Hijuelas (/es/) is a city and commune in the Quillota Province of central Chile's fifth region of Valparaíso.

== Geography ==
Hijuelas spans an area of 267.2 sqkm in Chile's Zona Central. It is known as The Capital of the Flowers (Spanish: La Capital de los Flores) as it is the largest producer of flowers in Chile, contributing more than 49% of the nation's total production.

==Demographics==
According to the 2002 census of the National Statistics Institute, Hijuelas has 16,014 inhabitants (8,161 men and 7,853 women). Of these, 8,196 (51.2%) lived in urban areas and 7,818 (48.8%) in rural areas. The population grew by 14.9% (2,076 persons) between the 1992 and 2002 censuses. Hijuelas hosts 1.04% of the region's population.

==Economy==
The principal economic activities in Hijuleas are agronomy and agriculture, especially in the cultivation of flowers, plants, trees, and fruits such as avocados and citruses. Its cultivated land, irrigated by the Aconcagua River, provides a high quality microclimate for exporting agricultural products. Also in Hijuelas exists a world-leading company in the production of ornamental bulbs and seeds, whose products are exported to various countries such as Japan, the Netherlands, and others.

==Administration==
As a commune, Hijuelas is a third-level administrative division of Chile, administered by a municipal council, which is headed by a directly elected alcalde.
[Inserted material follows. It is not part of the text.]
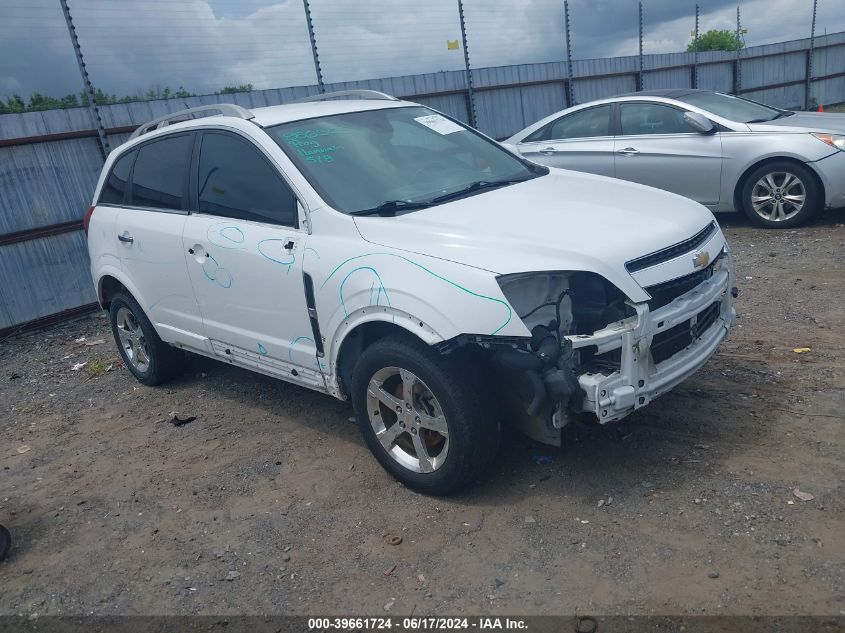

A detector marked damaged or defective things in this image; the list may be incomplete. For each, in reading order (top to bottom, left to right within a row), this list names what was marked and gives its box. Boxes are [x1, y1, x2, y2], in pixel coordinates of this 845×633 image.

rusty metal panel [0, 230, 95, 328]
damaged front end [442, 246, 732, 444]
exposed bumper support [572, 264, 736, 422]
The current alcalde is Verónica Rossat Arriagada. The communal council has the following members:
- Germán Vicencio Vargas (UDI)
- Luis Frez Naranjo (UDI)
- Viviana Hernández Troncoso (Ind./RN)
- Manuel Arévalo Díaz (PRI)
- Omar Olivares Seura (DC)
- Roxana Saavedra Pimentel (PS)

Within the electoral divisions of Chile, Hijuelas is represented in the Chamber of Deputies by Eduardo Cerda (PDC) and Andrea Molina (UDI) as part of the 10th electoral district, (together with La Ligua, Petorca, Cabildo, Papudo, Zapallar, Puchuncaví, Quintero, Nogales, Calera, La Cruz and Quillota). The commune is represented in the Senate by Ignacio Walker Prieto (PDC) and Lily Pérez San Martín (RN) as part of the 5th senatorial constituency (Valparaíso-Cordillera).